— Entries supplied —
================================
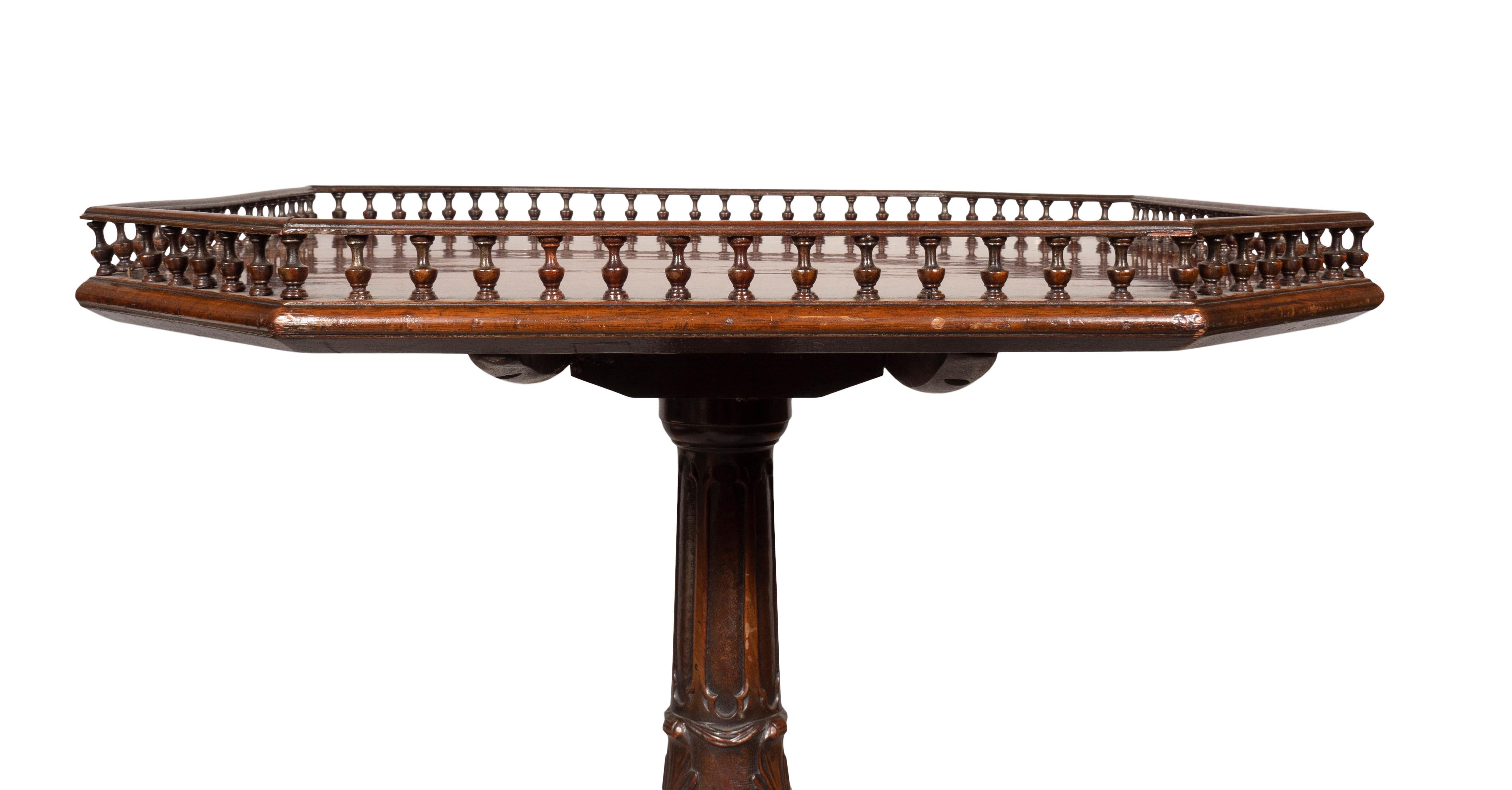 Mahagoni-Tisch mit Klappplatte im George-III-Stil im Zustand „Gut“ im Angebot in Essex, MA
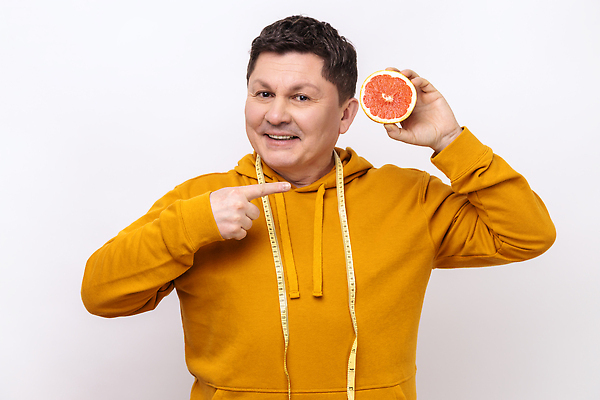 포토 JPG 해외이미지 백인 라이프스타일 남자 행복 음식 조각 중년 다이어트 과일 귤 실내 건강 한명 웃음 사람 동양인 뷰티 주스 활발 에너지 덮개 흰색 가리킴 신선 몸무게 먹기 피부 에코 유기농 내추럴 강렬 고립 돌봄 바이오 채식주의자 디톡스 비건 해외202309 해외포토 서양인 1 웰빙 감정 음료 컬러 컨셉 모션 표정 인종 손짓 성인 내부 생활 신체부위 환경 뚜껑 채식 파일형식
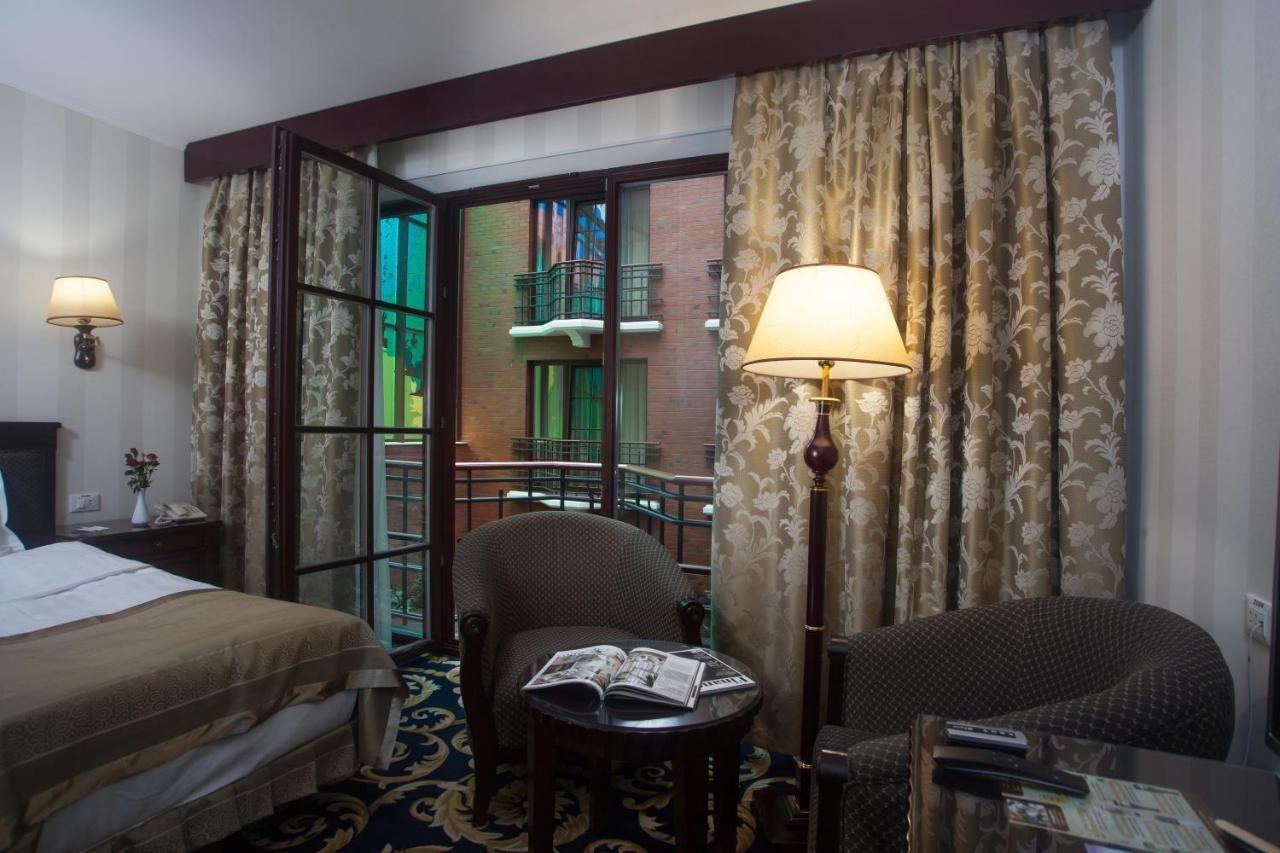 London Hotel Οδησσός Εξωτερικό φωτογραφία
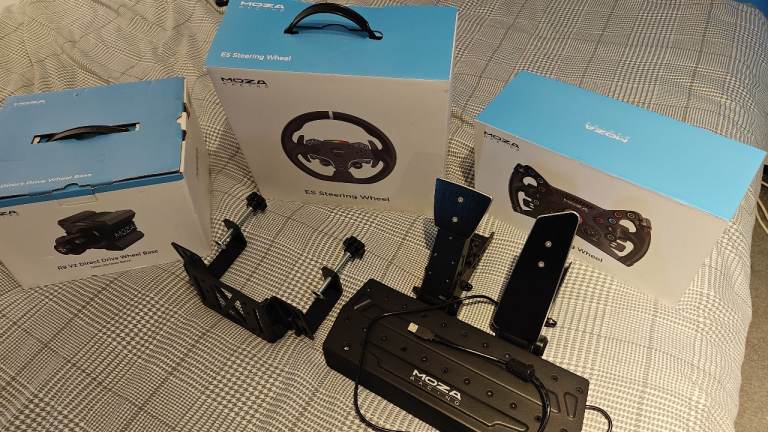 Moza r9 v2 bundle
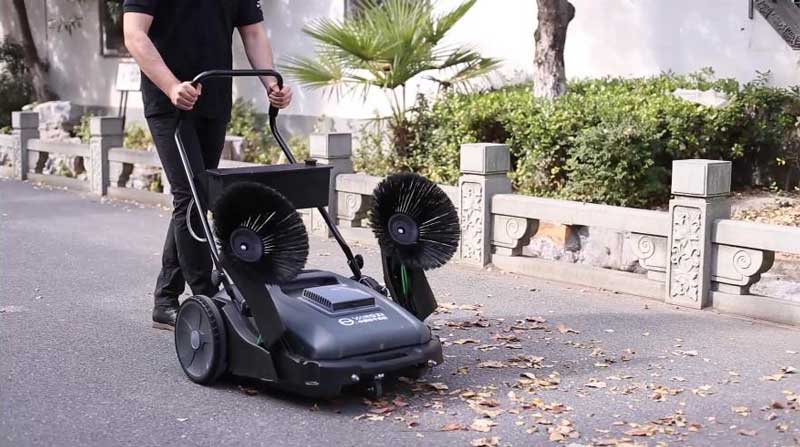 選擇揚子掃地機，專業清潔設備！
================================
— What is expected —
An exact retyping of the material, minus the pictures, is the required answer.

— Task answer —
 Mahagoni-Tisch mit Klappplatte im George-III-Stil im Zustand „Gut“ im Angebot in Essex, MA
 포토 JPG 해외이미지 백인 라이프스타일 남자 행복 음식 조각 중년 다이어트 과일 귤 실내 건강 한명 웃음 사람 동양인 뷰티 주스 활발 에너지 덮개 흰색 가리킴 신선 몸무게 먹기 피부 에코 유기농 내추럴 강렬 고립 돌봄 바이오 채식주의자 디톡스 비건 해외202309 해외포토 서양인 1 웰빙 감정 음료 컬러 컨셉 모션 표정 인종 손짓 성인 내부 생활 신체부위 환경 뚜껑 채식 파일형식
 London Hotel Οδησσός Εξωτερικό φωτογραφία
 Moza r9 v2 bundle
 選擇揚子掃地機，專業清潔設備！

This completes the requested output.